The number of walk-in health clinics in supermarkets, big box retailers and drugstores has nearly tripled in the past year, leading physicians to wring their hands over quality-of-care issues and bemoan the increased competition for medical services.

But physicians at the Greater Baltimore Medical Center have taken a different tack: If you can't beat 'em, join 'em.

GBMC, a Towson hospital, agreed to allow physicians it employs to act as off-site medical directors of four such clinics, all newly opened within Target Corp. stores in the region, the organizations announced yesterday. A fifth clinic is set to launch this fall in Aberdeen.

"It's a way to give people in our community better care and a way to introduce us to future patients," said Dr. Sarah Whiteford, a GBMC physician who oversees the Target Clinic in Towson, which opened earlier this month.

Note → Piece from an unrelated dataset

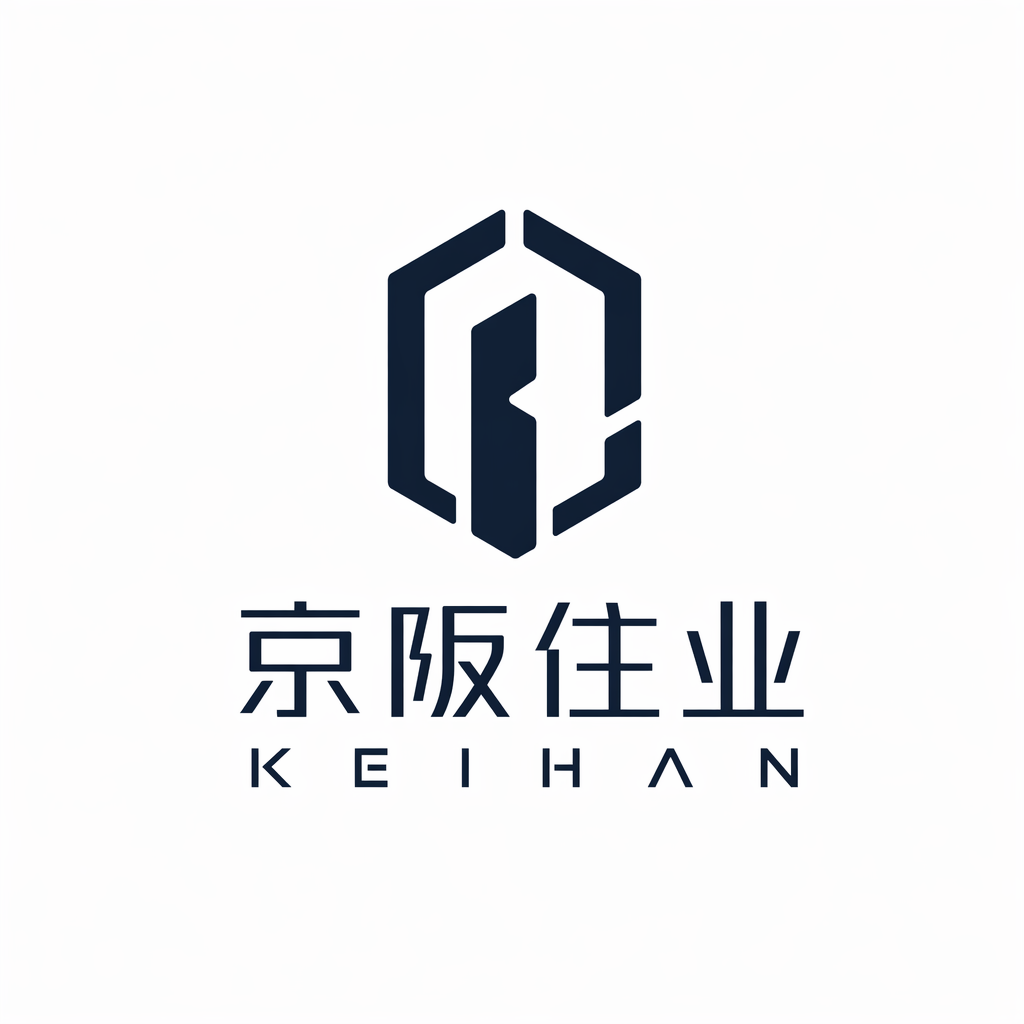 京阪住業 KEIHAN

The clinics - also in Bel Air, Ellicott City and Timonium - offer weekend and evening hours and often instant access to a health care provider.

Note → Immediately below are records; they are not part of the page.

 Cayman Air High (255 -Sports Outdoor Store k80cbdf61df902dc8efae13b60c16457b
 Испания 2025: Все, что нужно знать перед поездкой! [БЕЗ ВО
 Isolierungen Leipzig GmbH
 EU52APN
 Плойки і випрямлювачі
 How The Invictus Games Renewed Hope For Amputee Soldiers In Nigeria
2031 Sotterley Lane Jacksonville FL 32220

They're staffed by nurse practitioners, who are licensed to write prescriptions and diagnose certain minor ailments, such as strep throat, ear infections and skin rashes.

Medical directors such as Whiteford oversee the nurse practitioners and are available for telephone consultation if a case is perplexing. Patients are referred to physicians for advanced care. "Our clinics are complementary to primary care, they are not intended to replace the doctor-patient relationship," said Target spokeswoman Lena Michaud.

Last year, the big box Minnesota chain had to close its store clinics, then located only in the company's home state and Maryland, when former partner MinuteClinic abandoned it for CVS.

A new Minnesota medical partner led to fresh clinics in Target's home state about a year ago, in a setup similar to that with GBMC.

Several quick care clinics have partnerships with regional health providers, said Ann Ritter, policy director of the Convenient Care Association, an industry trade organization. And she expects to see more.

"I think it makes sense for both sides in a lot of different ways," Ritter said. Clinics get the prestige of having a formal partnership with established physicians, and the medical centers get a chance to grab new patients who may not have primary care contacts.

There are roughly 700 quick care clinics in the United States, up from about 250 at the end of last year.

Few have physicians on site, which has caused concern among medical organizations and doctors, who have increasingly lost business to the stand-alone clinics.

This summer, the American Medical Association called for legislation to regulate such store-based clinics.

The American Academy of Family Physicians has created a set of guidelines - suggesting that the clinics limit the scope of their services, have a team-based approach and maintain electronic records - in the hopes of boosting the quality of care.

The Target clinics comply with the guidelines, but for some critics that's not enough.

"The guidelines ... are forced by a less than adequate situation," said Dr. Martin P. Wasserman, executive director of MedChi, the Maryland state medical association. "There are a lot of these [clinics], they're well-financed and I don't think we can stop them. Should they have been started? I think not."

Wasserman worries that such clinics open the door for mistakes and missed opportunities for diagnosing diseases that a physician could recognize, but not necessarily a nurse practitioner.

"Something could be missed," Wasserman said.